Criminal Justice Academy (CJA) Instructor Toolkit: Student Engagement

Whether you’re a new faculty member or a seasoned instructor, we hope you’ll find new ideas and practical resources for teaching criminal justice courses

Student Engagement

This section focuses on student engagement and attention span and gives strategies to foster student engagement. 

Maintaining Student Attention

Picture the scene: you’re walking to the classroom while running through the main points of your lecture. You’re passionate about the topic, and your understanding is right on the cutting edge. Boy, the students are in for a treat today! You begin the lecture, and your students are furiously scribbling notes. You’re on a roll, and giving them a depth that other professors must only dream of. Thirty minutes in, when you’re just getting to the groundbreaking part, it hits you. Most of your students have stopped writing. Some are fidgeting in their chairs, others gaze into space, and a few toward the back are fiddling with their phones under the desk. Your oh-so-witty one-liner, so amusing when written at home last night, is met with indifference.

Attention Span

People have limited attention spans. Research in the 1970s and 1980s that tells us that the average human attention span is no more than 20 minutes, and that the best-recalled portion of a lecture is the first five minutes. Given that today’s generation of students are used to receiving information in easy-to-digest chunks (think of blogs and Twitter rather than lengthy books and articles), and prefer to do things themselves rather than listen to a long lecture, it seems clear that the job of maintaining student attention is even harder for the lecturer today. McKeachie’s (1986) observation that for lecturers to be effective they need to “combine the talents of scholar, writer, producer, comedian, showman, and teacher” (p. 55) rings ever truer.

Are Students Engaged?

Many lecturers talk about wanting their students to be engaged. But what do we really mean by this? Clearly, if students in your class are absent, or sleeping, or furtively texting, they probably aren’t engaged. But what of the students who are furiously scribbling notes, or seemingly hanging on your every word? Are they engaged? Professors often find that the class may seem to be paying attention, but they get little meaningful response when they ask the class questions to check their understanding. So what’s happening?

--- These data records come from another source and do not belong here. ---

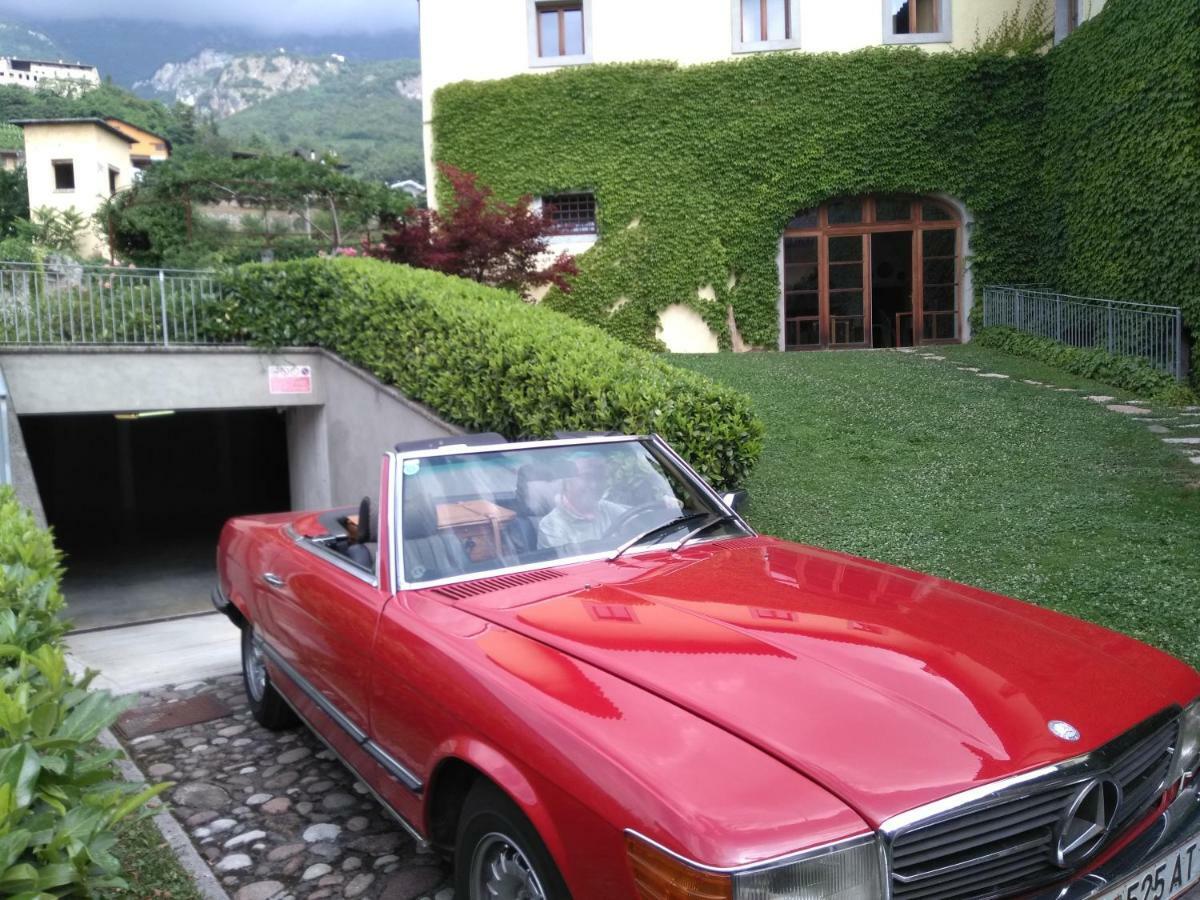 Relais Palazzo Lodron Hotel Rovereto  Buitenkant foto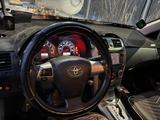 Накидку на панель Алькантара на Тойоту Королла Е150 10 поколения за 7 000 тг. в Караганда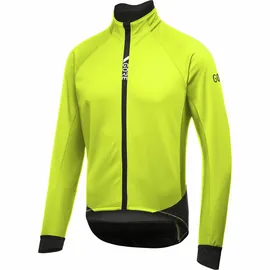 Gore Wear C5 Gore-Tex Infinium Thermo Jacke neon yellow M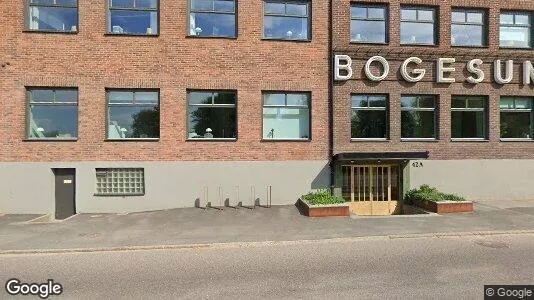 Kantorruimte te huur i Ulricehamn - Foto uit Google Street View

First, let’s clear up the difference between being attentive and being engaged. Being attentive is all about politely listening. It’s fairly easy to be attentive, and luckily most students are attentive most of the time. After all, appearing attentive is something we have needed to master to survive both the school system and many other social situations. Students are usually pretty good at it.

But being engaged kicks things up to another level. Being engaged means actively thinking about what has just been said, and processing ideas and constructs. Marton and Säljö (1976) talk about the difference between surface processing of information (trying to remember the words) and deep processing — seeing implications, relating it to other information in the lecture or from their own experience and reading. Engagement that involves deep processing requires the student not just to listen to your words, but to transform them into their own. Deep processing is where the real learning and understanding takes place.